Tatalaksana Ovarium Megalosistik Persisten

Ling dan kawan- kawan [12] melaporkan kasus ovarium megalosistik persisten
selama sesar untuk pasien sindrom ovarium polikistik (PCOS) dengan kehamilan
yang disebabkan oleh fertilisasi in vitro (IVF). Ovarium megalokistik bertahan
setelah melahirkan; oleh karena itu, pasien menjalani operasi selama biopsi
dilakukan untuk kedua ovarium. Hasil histopatologi menunjukkan kista folikel.
Alptekin dan kawan- kawan [13] melaporkan ovarium besar selama sesar untuk
pasien tanpa sindrom hiperstimulasi ovarium (OHSS) tetapi yang telah menjalani
9

fertilisasi in vitro (IVF). Namun, rahim dan ovarium kembali normal 4 minggu
kemudian. Kasus kami adalah kasus ovarium megalosistik terlama yang pernah
dilaporkan. Belum ada laporan atau panduan mengenai tatalaksana ovarium
megalositik persisten yang berlangsung lama pada pasien fertilisasi in vitro (IVF).
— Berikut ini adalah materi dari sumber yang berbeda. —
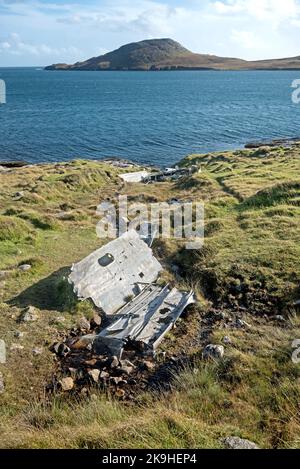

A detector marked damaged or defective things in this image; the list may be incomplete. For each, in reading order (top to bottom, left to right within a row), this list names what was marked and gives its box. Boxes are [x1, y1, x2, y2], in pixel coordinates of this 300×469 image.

burnt wreckage remains [68, 229, 195, 356]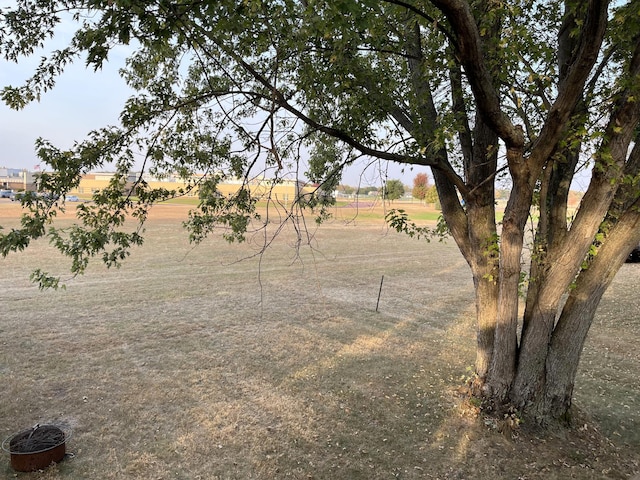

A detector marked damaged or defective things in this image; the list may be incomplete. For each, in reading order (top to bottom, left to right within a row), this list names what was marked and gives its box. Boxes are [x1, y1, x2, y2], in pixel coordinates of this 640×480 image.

rusty fire pit [1, 424, 67, 472]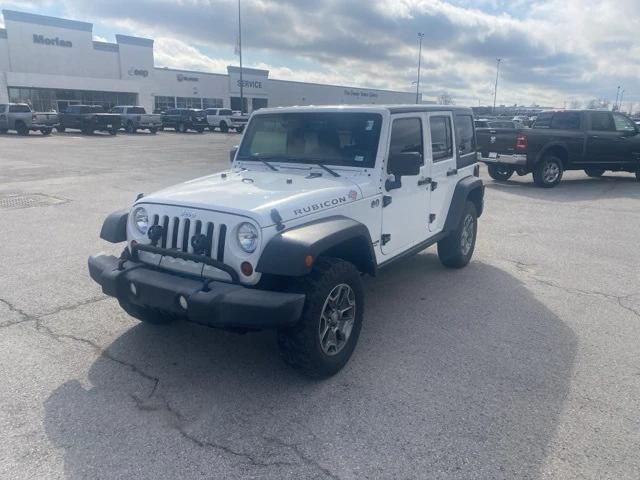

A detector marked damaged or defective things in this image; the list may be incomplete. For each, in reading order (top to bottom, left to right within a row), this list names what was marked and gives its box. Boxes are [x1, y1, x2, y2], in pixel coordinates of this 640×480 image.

Tim akhirnya memilih tusukan dan protokol GnRH agonis berdasarkan


pada tingginya kadar hormon dalam cairan kistik. Meskipun hormon-hormon ini
tidak meningkat dalam darah, kadar estradiol (E2) cukup tinggi di folikel. Efek
kumulatif dari kadar hormon yang tinggi dalam banyak kista mungkin memiliki
peran penting dalam mempertahankan ovarium yang mengalami pembesaran.
GnRH agonis [14] telah menurunkan efek luteotropik dan mengubah ekspresi
VEGF, reseptor VEGF-1, dan reseptor VEGF-2; mereka juga telah terbukti efektif
untuk mencegah sindrom hiperstimulasi ovarium (OHSS) pada pasien berisiko
tinggi. Kedua ovarium menyusut - setelah operasi, dan mereka berangsur-angsur
kembali ke ukuran normal selama follow-up setelah tiga dosis agonis GnRH, yang
memvalidasi metode kami.

Kesimpulannya ialah bahwa ovarium yang terstimulasi secara berlebihan


serta mengalami pembesaran akan memberikan komplikasi yang dapat menetap
selama dan bahkan setelah kehamilan ketika fertilisasi in vitro (IVF) terlibat.
Risiko malignansi dan torsi harus diingat, tetapi seharusnya tidak mengarah pada
operasi yang tidak perlu. Dokter menganjurkan tindak lanjut jangka panjang pada
pasien- pasien yang menjalani fertilisasi in vitro (IVF).